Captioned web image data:
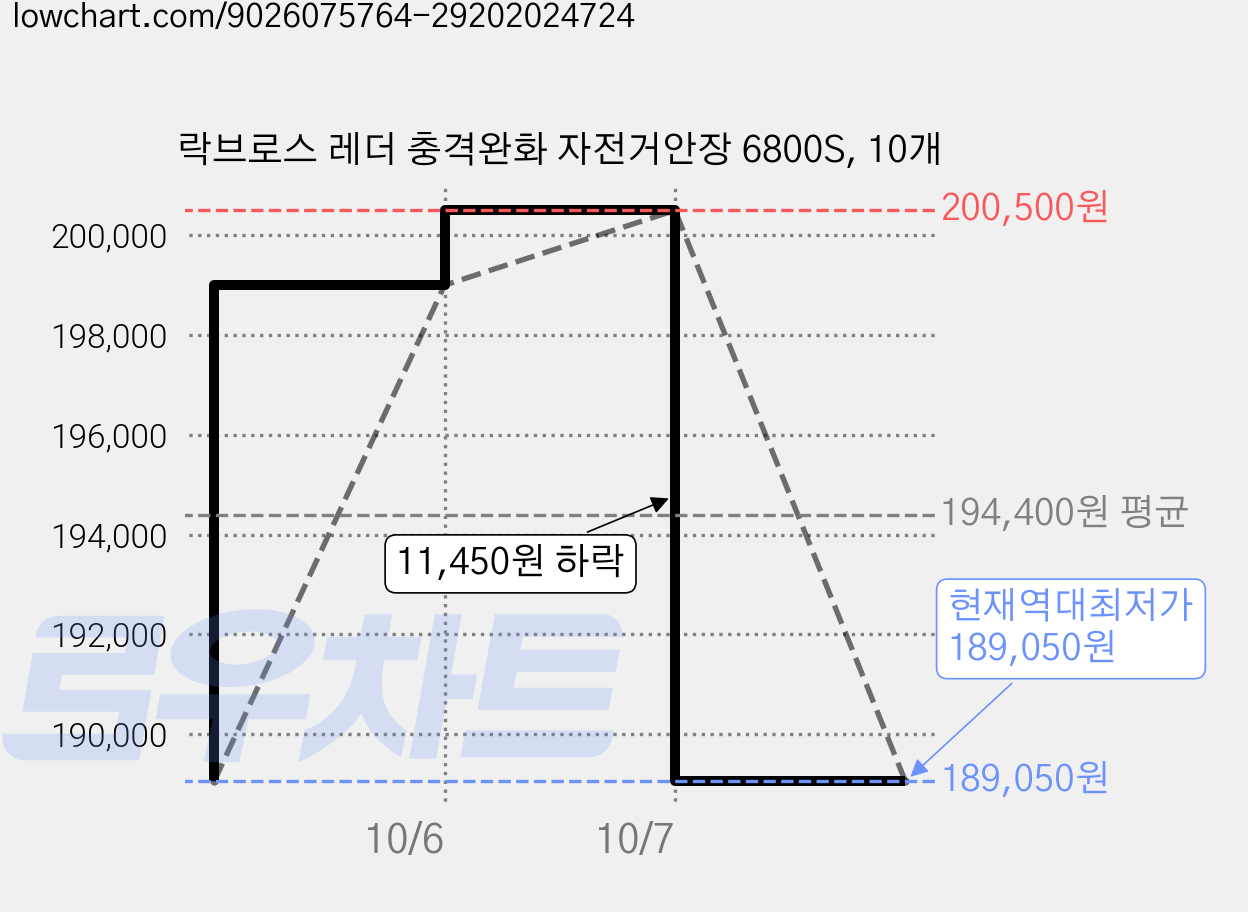락브로스 레더 충격완화 자전거안장 6800S, 10개 가격 변동 차트, 현재가 189,050원, 역대최저가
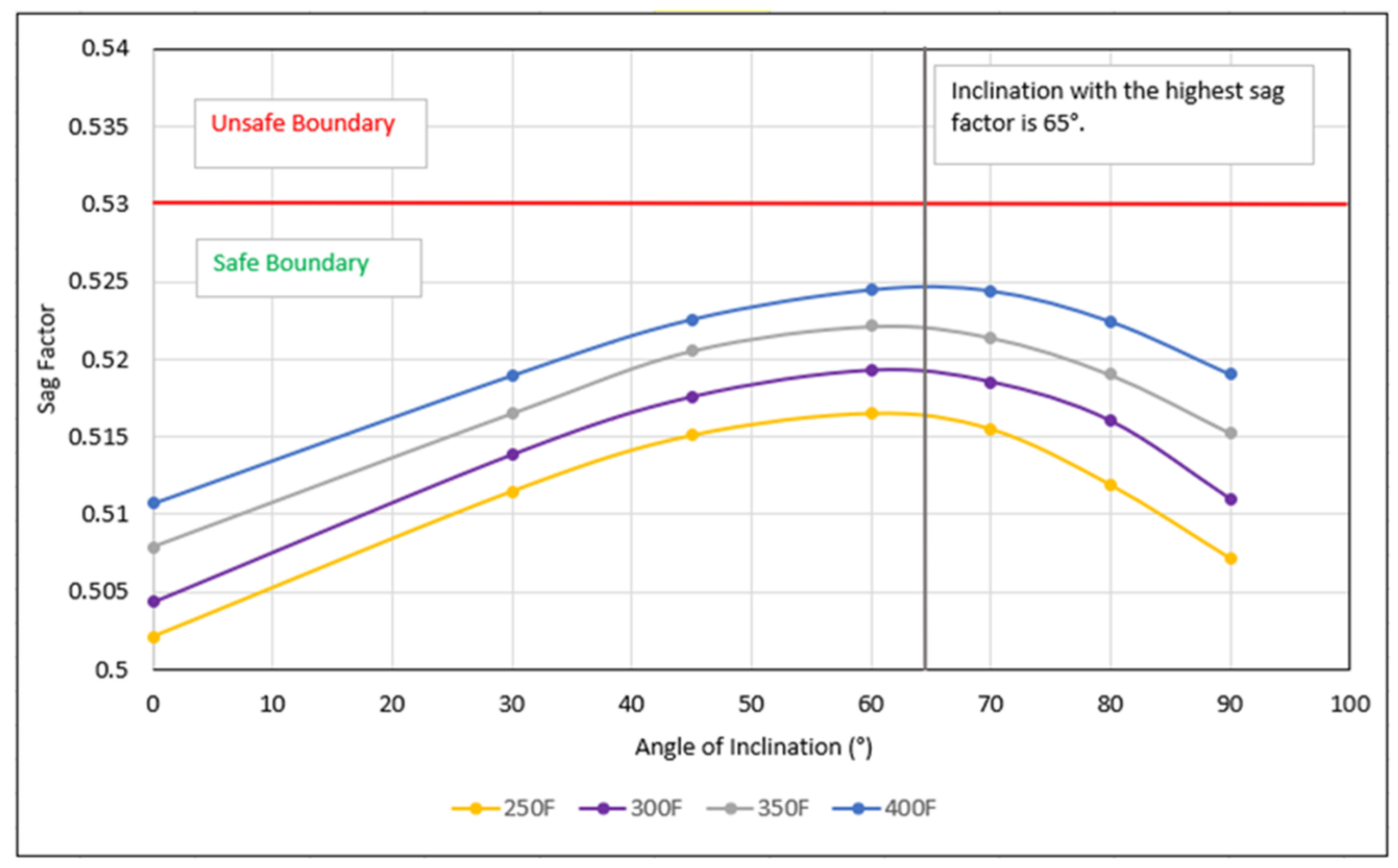 Applsci 14 06833 g010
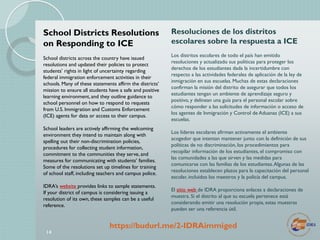 14 © IDRA, 2017 August 8/15/2018 1414
School Districts Resolutions
on Responding to ICE
School districts across the countr...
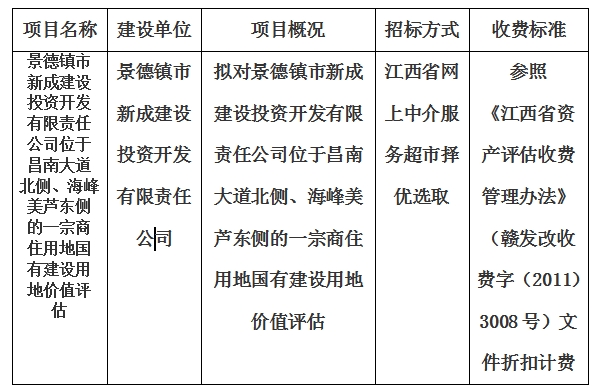 景德鎮市新成建設投資開發有限責任公司位于昌南大道北側、海峰美蘆東側的一宗商住用地國有建設用地價值評估計劃公告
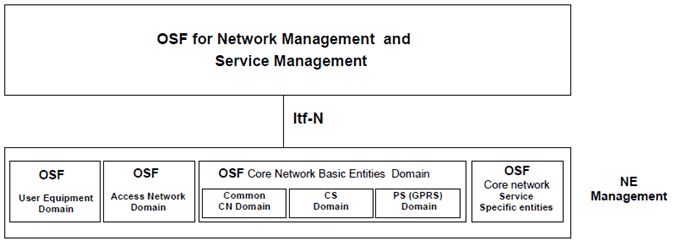 Copy of original 3GPP image for 3GPP TS 32.141, Fig. 2: Overview of PLMN Telecom Management Domains and Itf-N (3GPP TS 32.102 [4])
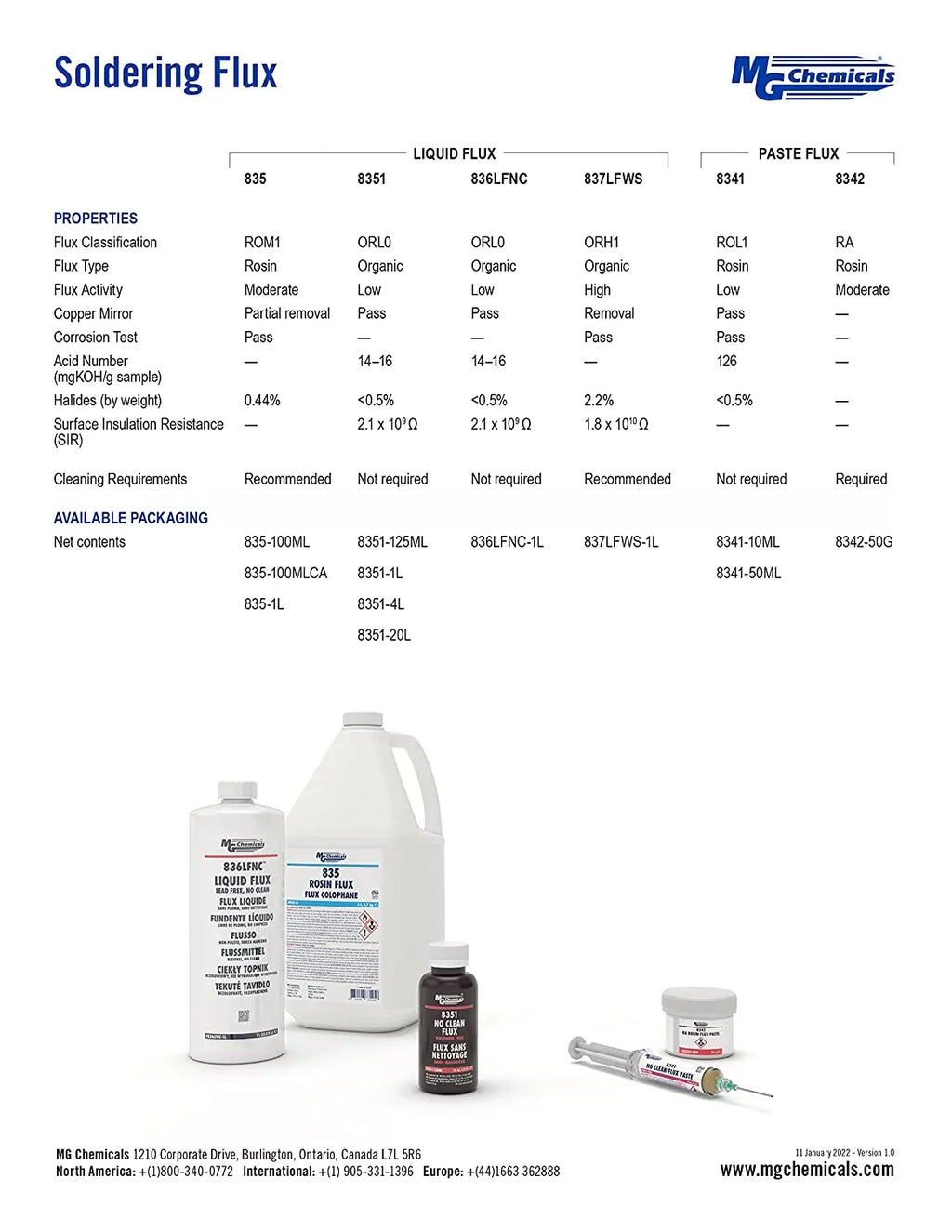 4.2 Halogen Free, MG Clean No fl Chemicals Bottle oz Flux,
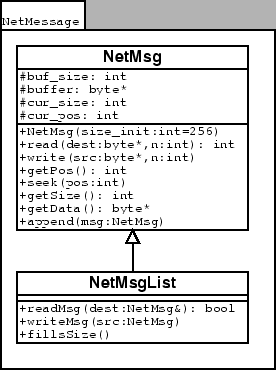 \resizebox*{0.5\columnwidth}{!}{\includegraphics{UML/uml_netmessage.eps} }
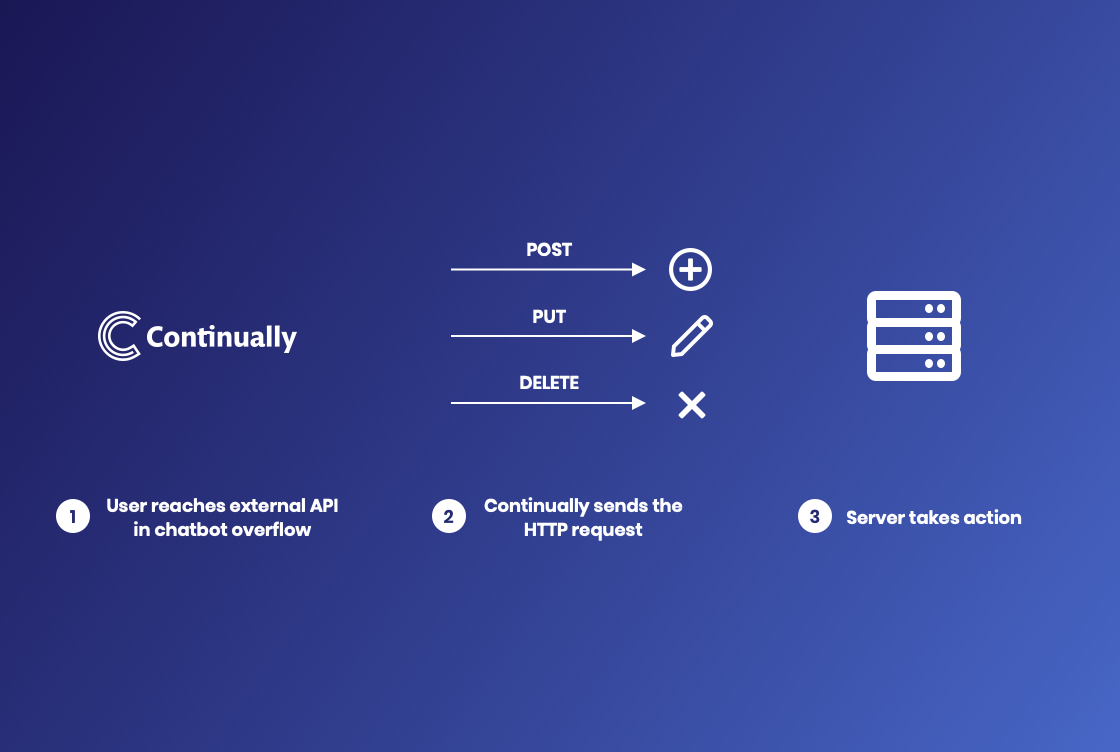 How Continually requests and receives data from external APIs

Your assignment:
Please write out the lines above, beginning at the line with "on Responding to ICE" and ending at the last line of the records, exactly as they appear and without pictures.

Exercise result:
on Responding to ICE
School districts across the countr...
 景德鎮市新成建設投資開發有限責任公司位于昌南大道北側、海峰美蘆東側的一宗商住用地國有建設用地價值評估計劃公告
 Copy of original 3GPP image for 3GPP TS 32.141, Fig. 2: Overview of PLMN Telecom Management Domains and Itf-N (3GPP TS 32.102 [4])
 4.2 Halogen Free, MG Clean No fl Chemicals Bottle oz Flux,
 \resizebox*{0.5\columnwidth}{!}{\includegraphics{UML/uml_netmessage.eps} }
 How Continually requests and receives data from external APIs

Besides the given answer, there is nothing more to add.